Many-body band structure and Fermi surface of the Kondo lattice

TL;DR

This paper develops an analytical theory for the single particle excitations and Fermi surface of the Kondo lattice, capturing the evolution from insulator to heavy electron metal with good agreement to numerical results.

Contribution

It introduces a simple, effective Hamiltonian approach analogous to linear spin wave theory, enabling analytical calculations of the Kondo lattice's spectral properties.

Findings

Spectral functions match exact diagonalization results.

F-electrons participate in the Fermi surface even when localized.

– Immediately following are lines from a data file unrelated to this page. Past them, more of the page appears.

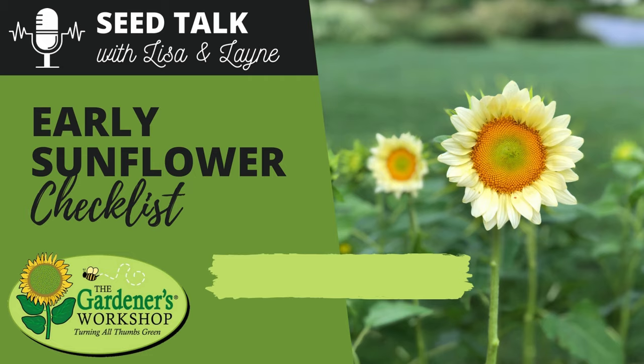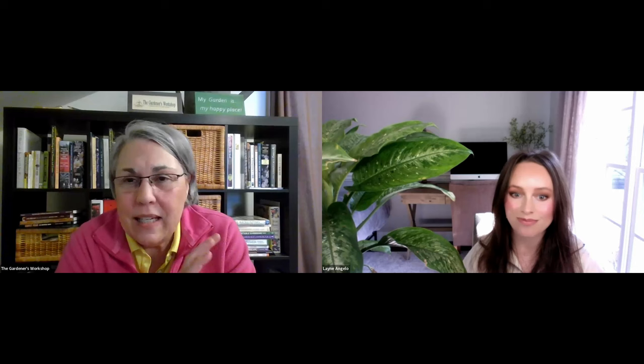That wraps up this early sunflower episode. If you've done any early sunflower experiments, leave a comment on YouTube or use the form linked in the show notes. Ratings and reviews in podcast apps and likes and comments on YouTube are always appreciated. This podcast is brought to you by The Gardener's Workshop dot com, where you can find the phone app, online courses, and the online shop. Until next time, friends — ciao, bye.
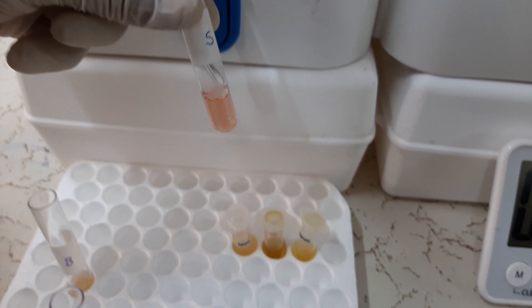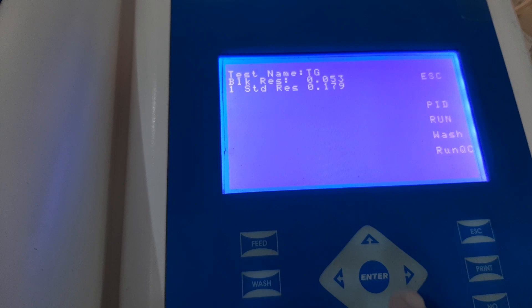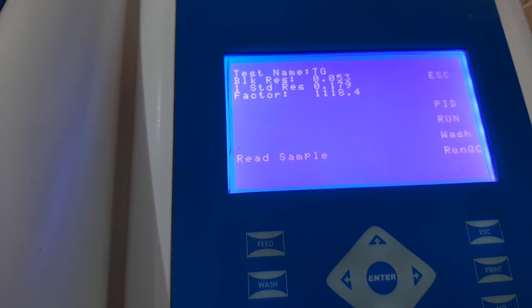Now the instrument gives the instruction to read the standard. So we will take the second tube prepared for the standard and aspirate the reaction mixture into the instrument. After a small lag time, the instrument will give a message to re-run the standard — we will select no because we have taken only one tube of the standard. The instrument has now calculated the absorbance of the standard and also calculated the factor.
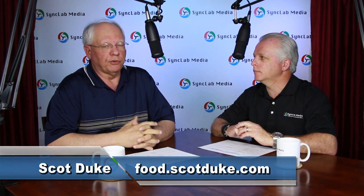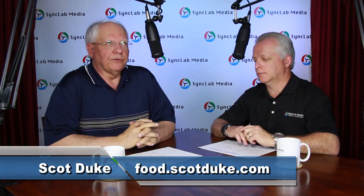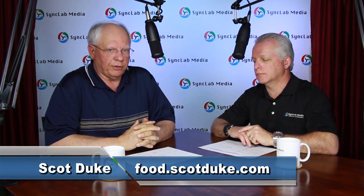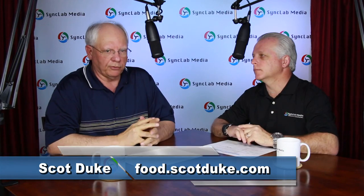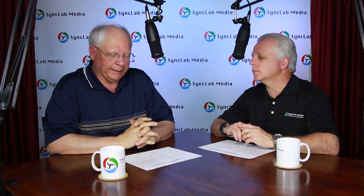I'm Scott Duke from Food As I See It blog, and we're back with What We Ate Week. This is the Darnell Week at the Rockfish Seafood Grill at Mockingbird Station. This is sponsored by Sync Lab Media, and we're here in Sync Lab Media's studio number three. And my co-host is Mark Neese.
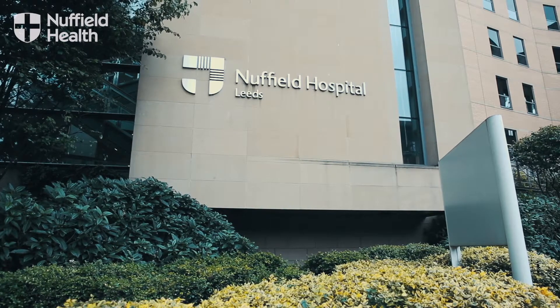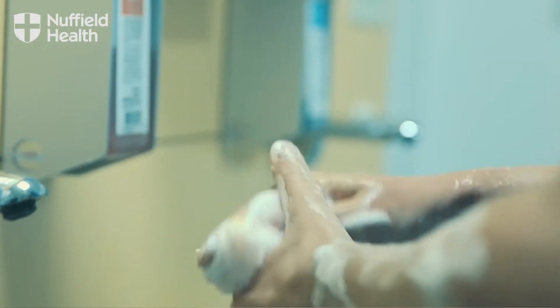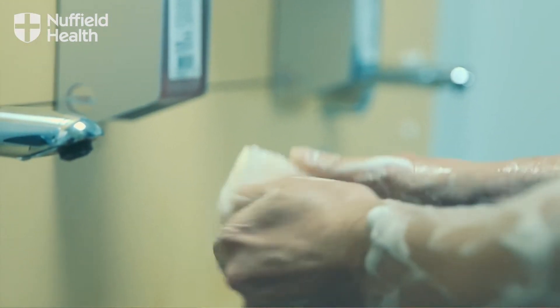The procedure itself is a very straightforward procedure. It takes about 10 or 15 minutes. It's done generally with a combination of sedation and anaesthetic to the back of the throat.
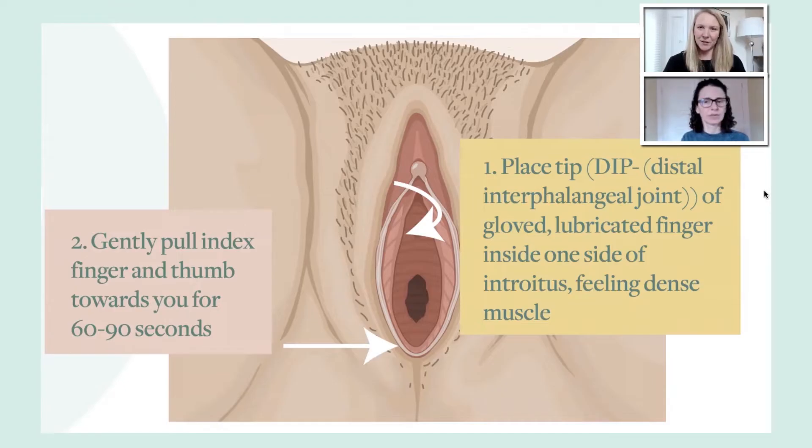Internally with that index finger, you're going to find the muscle. You want to make sure that you're not on skin — it won't feel dense under your finger. You want that density, and you'll be able to gently pull your fingers towards you for 60 to 90 seconds. That is a quick way to do a bulbospongiosis release, and you'll be able to see if it's really tender and if that will help soften those muscles before you go in and do the deeper bimanual exam.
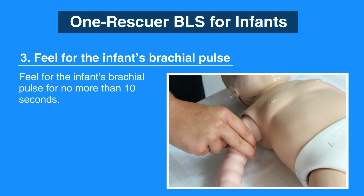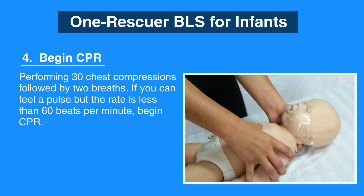Next, feel for the infant's brachial pulse for no more than 10 seconds. If there's no pulse or you can't tell, then begin CPR by performing 30 chest compressions followed by two breaths. If you can feel a pulse but the rate is less than 60 beats per minute, begin CPR.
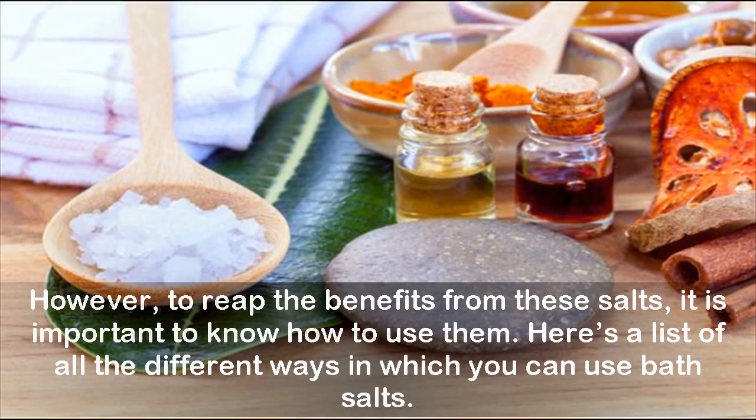However, to reap the benefits from these salts, it is important to know how to use them. Here's a list of all the different ways in which you can use bath salts.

The theory captures doping dependence and spectral weight transfer.

Abstract

We present a theory for the single particle excitations and Fermi surface of the Kondo lattice. Thereby we construct an effective Hamiltonian describing the creation and propagation of single particle-like charge fluctuations on an `RVB-background' of local singlets. The theory may be viewed as a `Fermionic version' of linear spin wave theory and is of comparable simplicity, so that the calculations for the strong-coupling limit can be performed analytically. We calculate the single particle spectral function for the standard Kondo lattice as well as for several extended versions: with a Coulomb repulsion between conduction and f-electrons, Coulomb repulsion between conduction electrons, and a `breathing' f-orbital. In all cases we study the evolution of the spectrum in going from the Kondo insulator to the Heavy electron metal. We compare our results to exact diagonalization of small clusters and find remarkable agreement in nearly all cases studied. In the metallic case the f-electrons participate in the Fermi surface volume even if they are replaced by localized Kondo-spins and the number of bands, their dispersion and spectral character, and the nontrivial (i.e. non-rigid band-like) doping dependence including a pronounced transfer of spectral weight are reproduced by the theory.